* **PROBLEM DESCRIPTION**: Output, exactly and in full, only the lines from the one containing "Idol in Brass" to the last line of the data. Pictures should not appear.

* **INFORMATION SHOWN**:
• • • • • • •
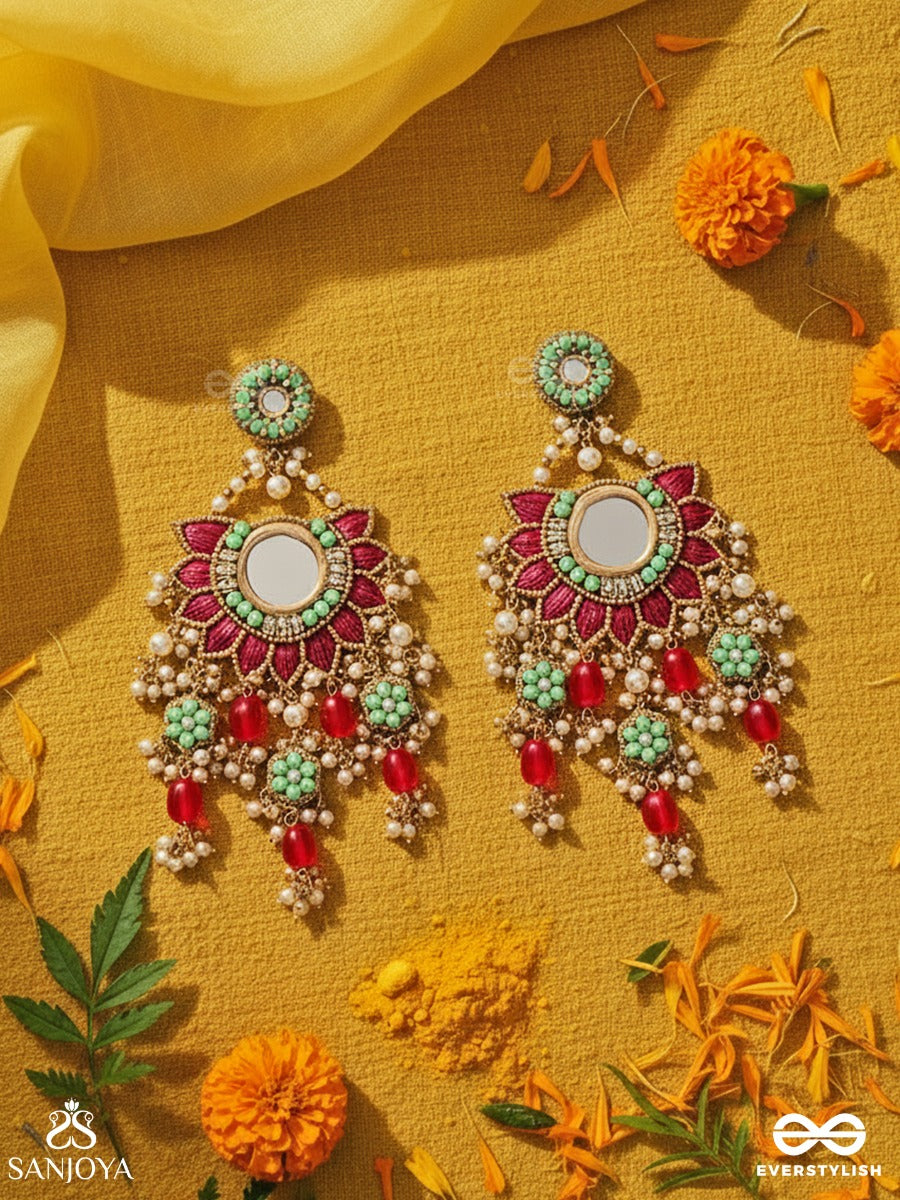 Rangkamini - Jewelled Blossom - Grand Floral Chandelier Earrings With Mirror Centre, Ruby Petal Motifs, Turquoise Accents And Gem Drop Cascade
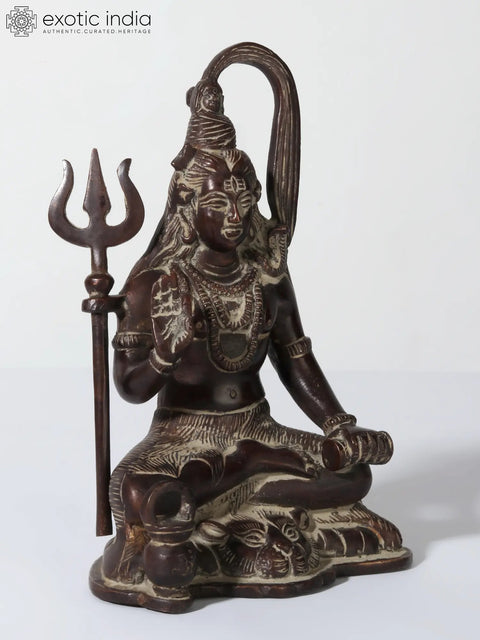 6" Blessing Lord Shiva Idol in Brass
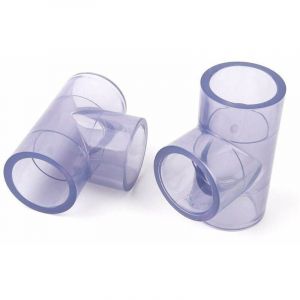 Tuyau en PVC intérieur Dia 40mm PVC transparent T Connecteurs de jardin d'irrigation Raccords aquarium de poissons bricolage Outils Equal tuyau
• • • • • • •
* **OUTPUT OF THE EXERCISE**:
 6" Blessing Lord Shiva Idol in Brass
 Tuyau en PVC intérieur Dia 40mm PVC transparent T Connecteurs de jardin d'irrigation Raccords aquarium de poissons bricolage Outils Equal tuyau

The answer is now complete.